(Pictures with short captions)
──────────

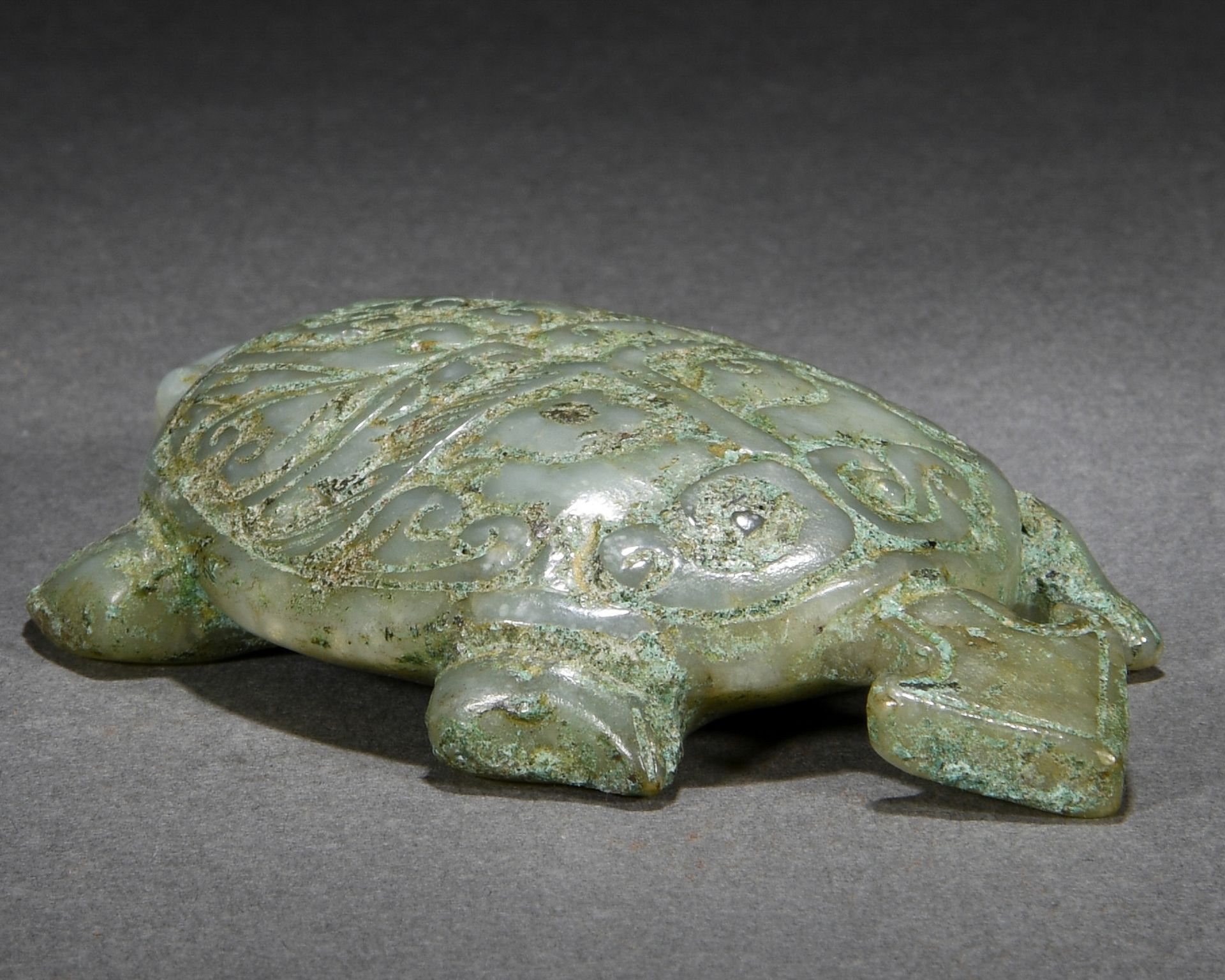 A Chinese Carved Jade Tortoise - Bild 5 aus 8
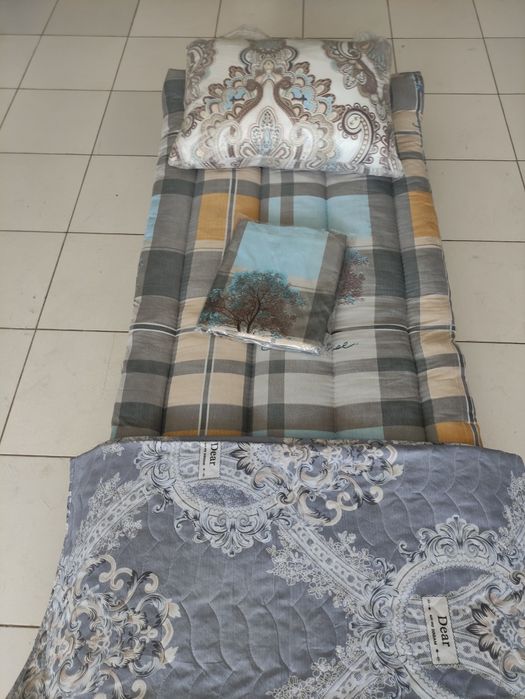 Матрас, Ку́рпа ,Ку́рпача , Ёстик.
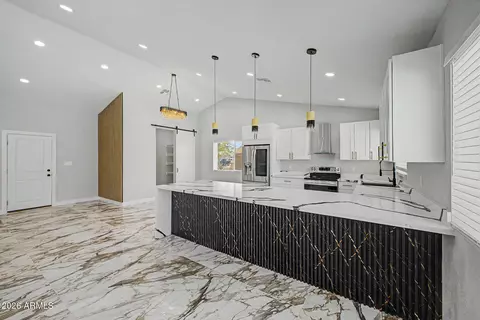 Kitchen - 528 W Mohawk Ln, Phoenix, AZ 85027 photo 3 of 3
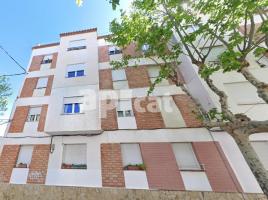 Piso, 72.00 m², cerca de bus y tren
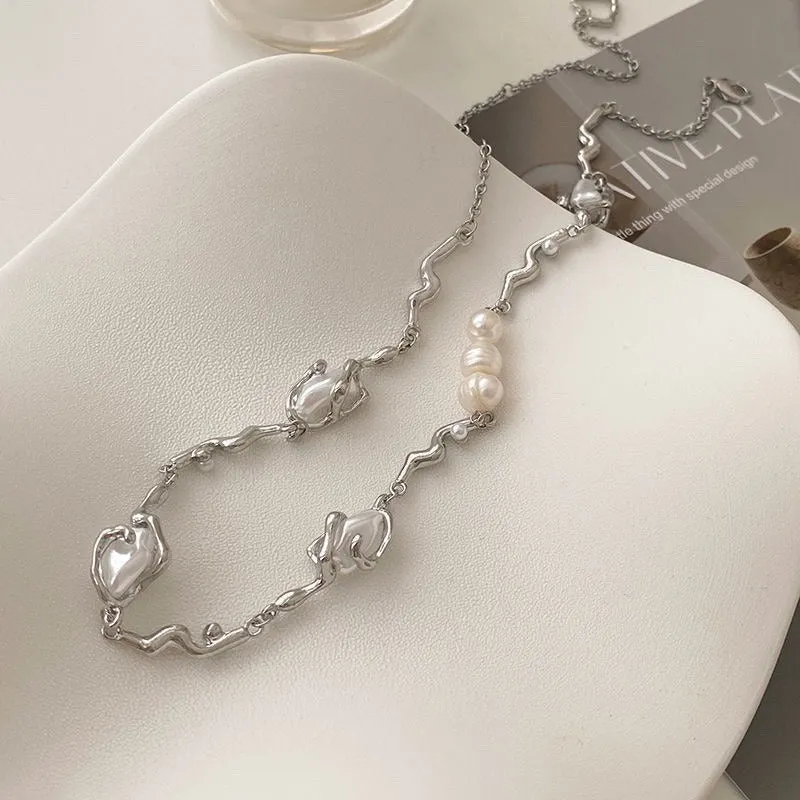 Self Made Aesthetic Pearl Necklace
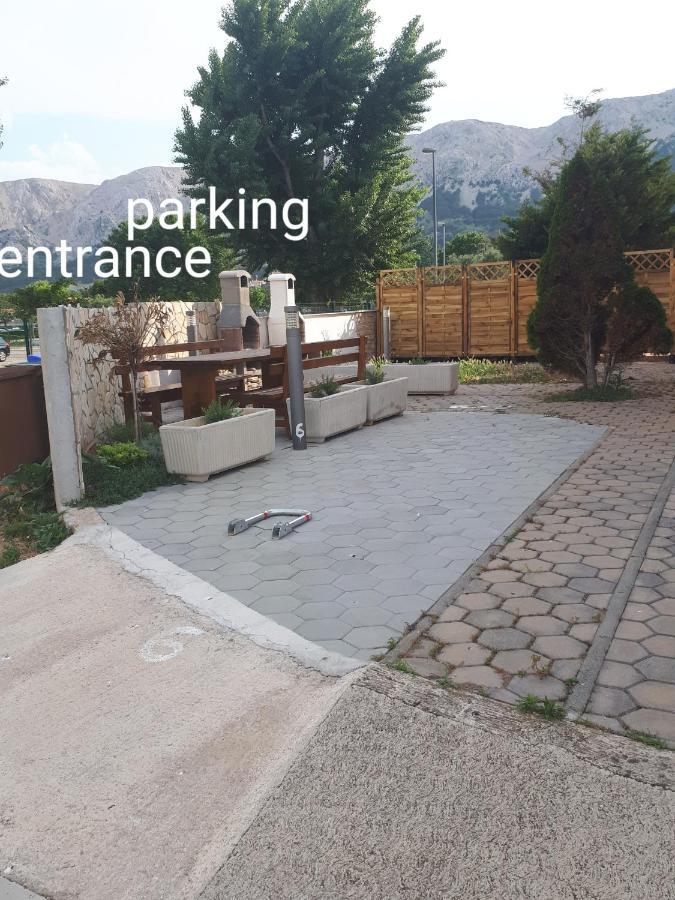 Beautiful Apartment Lovorka 6 , Baska, Krk ภายนอก รูปภาพ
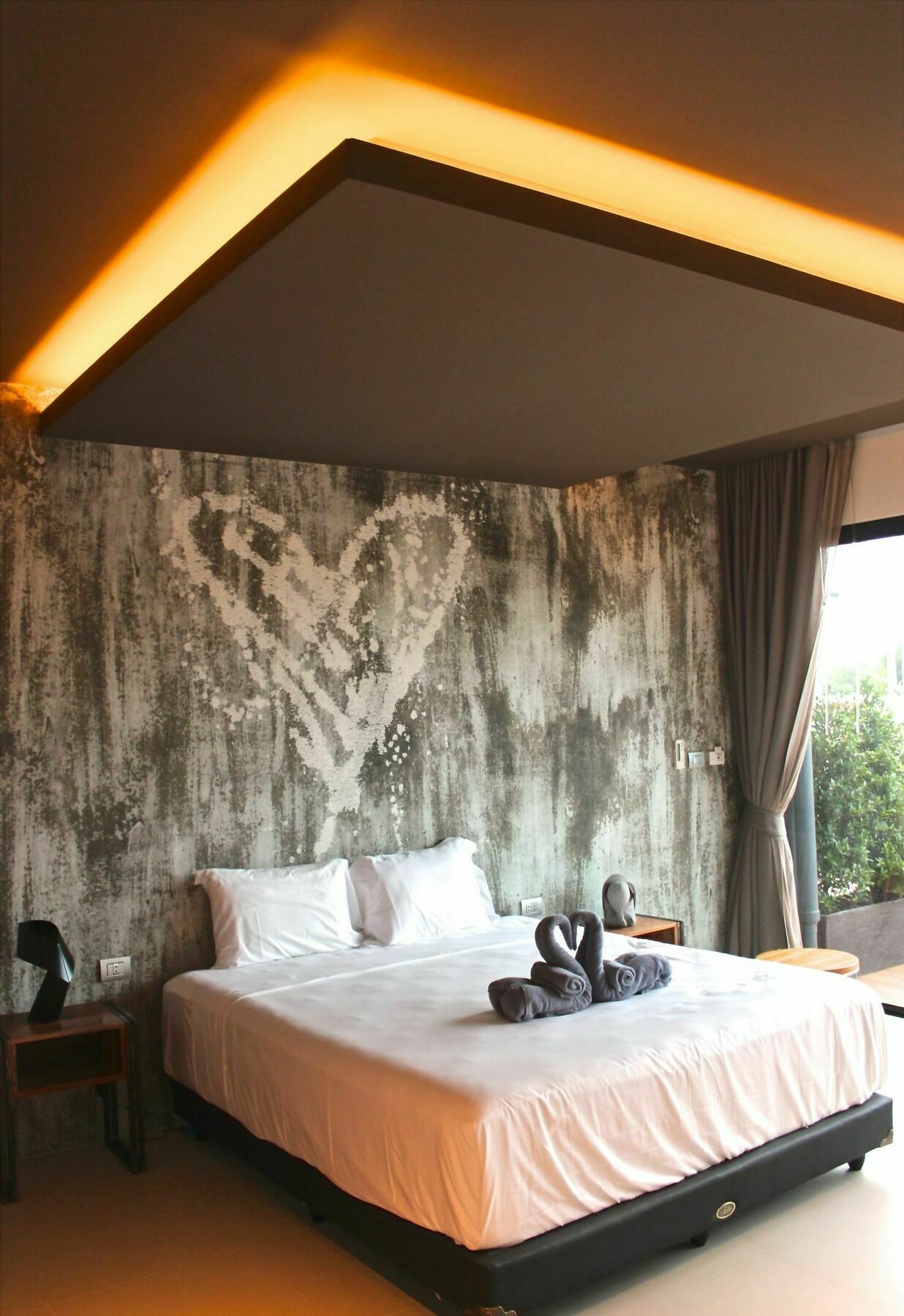 Appartamento Little Paris Phuket Esterno foto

──────────

EXERCISE INSTRUCTIONS>
No pictures should appear in the copy, and each record above is to be returned exactly.

ANSWER BOX>
 A Chinese Carved Jade Tortoise - Bild 5 aus 8
 Матрас, Ку́рпа ,Ку́рпача , Ёстик.
 Kitchen - 528 W Mohawk Ln, Phoenix, AZ 85027 photo 3 of 3
 Piso, 72.00 m², cerca de bus y tren
 Self Made Aesthetic Pearl Necklace
 Beautiful Apartment Lovorka 6 , Baska, Krk ภายนอก รูปภาพ
 Appartamento Little Paris Phuket Esterno foto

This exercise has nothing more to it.